Scientific classification
- Kingdom: Plantae
- Clade: Tracheophytes
- Clade: Angiosperms
- Clade: Eudicots
- Order: Proteales
- Family: Proteaceae
- Genus: Hakea
- Species: H. lehmanniana
- Binomial name: Hakea lehmanniana Meisn.

= Hakea lehmanniana =

- Genus: Hakea
- Species: lehmanniana
- Authority: Meisn.
- Conservation status: VU

Species of shrub endemic to Western Australia

Hakea lehmanniana, commonly known as the blue hakea, is a shrub in the family Proteaceae. It has needle-shaped prickly leaves and blue flowers during winter months. It is endemic to an area in the southern Wheatbelt and Great Southern regions of Western Australia.

==Description==
Hakea lehmanniana is a prickly, dense shrub typically growing to a height of 0.6 to 1.8 m and does not form a lignotuber. It blooms from June to August and produces attractive purple-blue fading to blue or white flowers in dense clusters in upper leaf axils. The leaves are glabrous, terete, 2-7 cm long by 1-2 mm thick and ending in a sharp point at the apex. The fruit are 3 dimensional, 2-3 cm long by 1.5-2 cm wide with a very rough prickly surface a unique feature which identifies this species.

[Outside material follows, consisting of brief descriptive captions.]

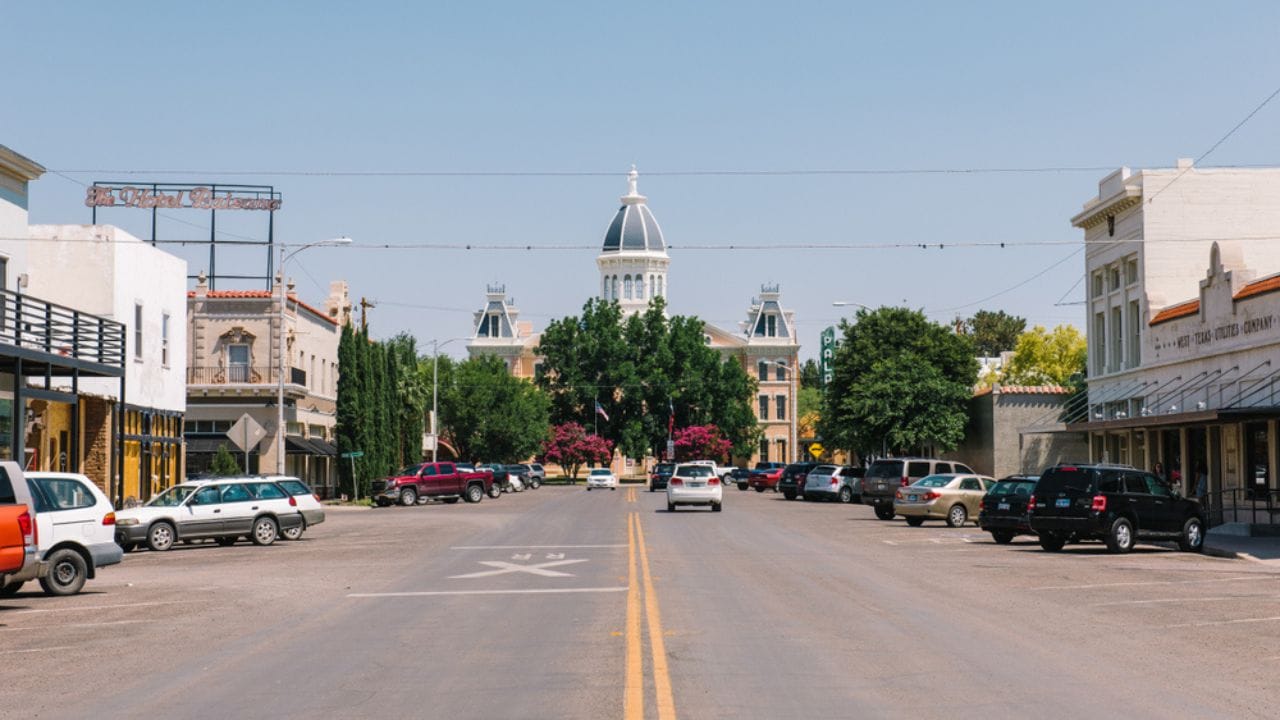 America's Coolest Small Towns by State 44 America's Coolest Small Towns by State -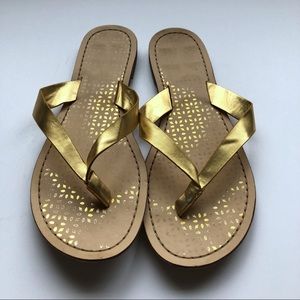 Aldo 8 Gold Metallic Sandals Z13
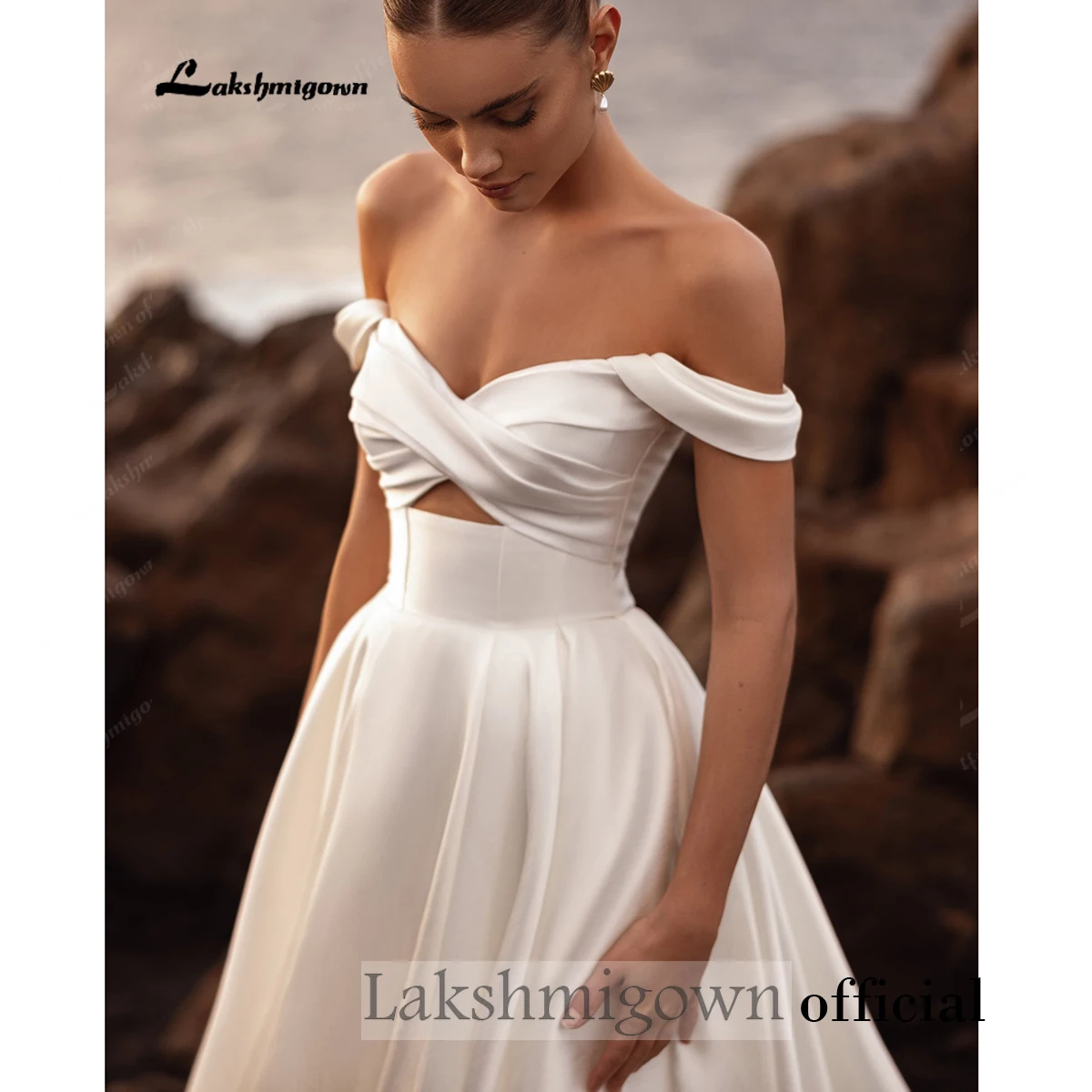 Lakshmigown Schulterfreies Satin-Hochzeitskleid mit Twist-Oberteil, ausgeschnittener Taille, A-Linien-Brautkleid mit Taschen, tiefem V-Ausschnitt am Rücken, individuell anpassbar – Detail 7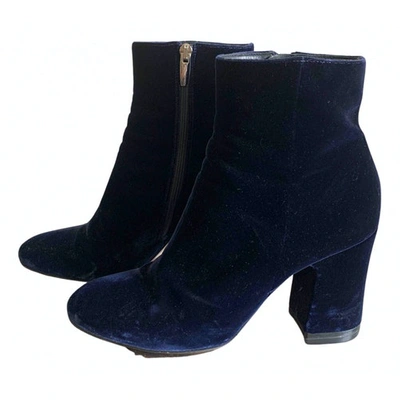 Pre-owned Gianvito Rossi Velvet Ankle Boots In Blue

==Distribution and habitat==
Blue hakea grows from Pingelly ranging south to Albany and east to Ravensthorpe. Grows in heath or shrubland on gravelly-loam, sand or sand over laterite in sun or semi-shade. An adaptable species frost and drought tolerant and may be used as a ground cover and wildlife habitat.

==Taxonomy and naming==
Hakea lehmanniana was first formally described in 1845 by Swiss botanist Carl Meisner and the description was published in Plantae Preissianae. The species was named in honour of the German botanist, Johann Georg Christian Lehmann.

==Conservation status==
Hakea lehmanniana is classified as vulnerable on the IUCN Red List of Threatened Species and is classified as "not threatened" by the Western Australian Government.